Adonai and adoni (Psalm 110:1: "The LORD says to my lord...")
The Bible’s supreme proof text for telling the difference between the One God and the Messiah who is not God
This verse was referred to the Messiah by the Pharisees and by Jesus. It tells us that the relationship between God and Jesus is that of Deity and non-Deity. The Messiah is called adoni (my lord), and in every one of its 195 occurrences adoni (my lord) means a superior who is not God. The word Adonai on the other hand refers exclusively to the one God in all of its 449 occurrences. Adonai is the title of Deity and adoni never designates Deity.
If the Messiah were called Adonai this would introduce two Gods into the Bible and would be polytheism. Psalm 110:1 should guard us all against supposing that there are two who are God. In fact the Messiah is the supreme human being and agent of the one God. Psalm 110:1 is the Bible’s master text for defining the Son of God in relation to the one God, his Father.
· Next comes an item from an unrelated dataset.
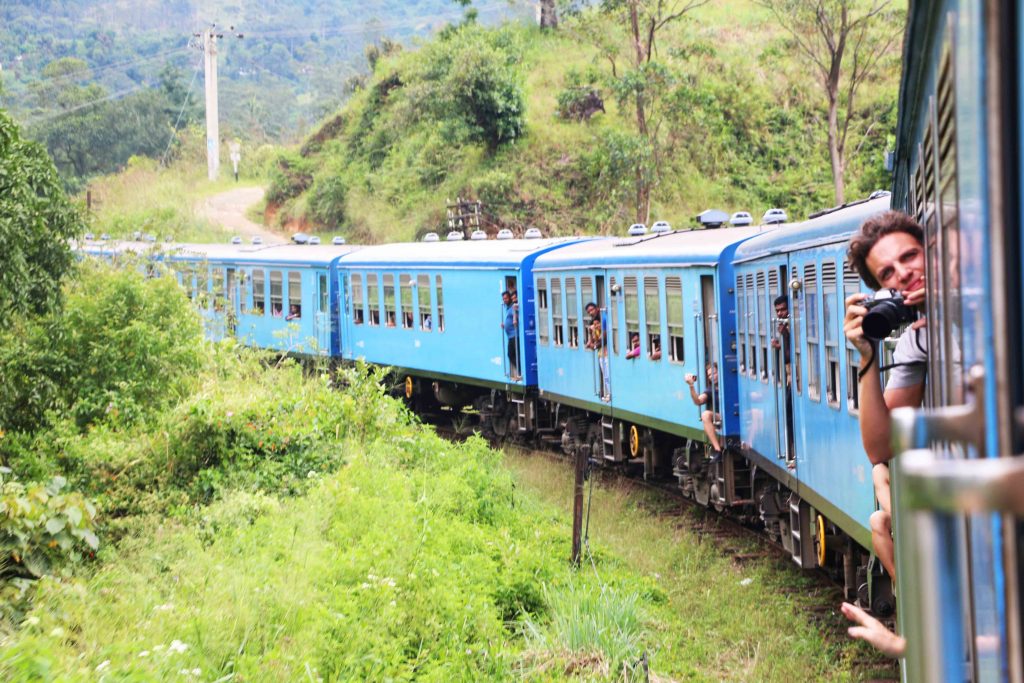 斯里蘭卡 自由行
Why is it that a number of commentaries misstate the facts about Psalm 110:1? They assert that the word for the Messiah in Psalm 110:1 is Adonai. It is not. These commentaries seem to obscure a classic text defining God in relation to His Son. The Hebrew text assigns to the Messiah the title adoni which invariably distinguishes the one addressed from the Deity. The Messiah is the supreme human lord. He is not the Lord God (cp. 1 Tim. 2:5; 1 Cor. 8:4-6; Mark 12:28-32).
The Word Biblical Commentary is right: "The first [word] is the tetragrammaton (the personal name 'Yahweh,' which was not spoken by the Jews, who substituted the word adonay [or adonai], i.e. a word virtually identical to the second word); the second is adoni, 'my lord.' David calls his son not Yahweh but adoni, 'my lord': 'Yahweh [the Lord] said to my lord'" (Matthew, Word Biblical Commentary, p. 651).
Why is the Messiah called adoni (my lord) and never Adonai (Lord God)?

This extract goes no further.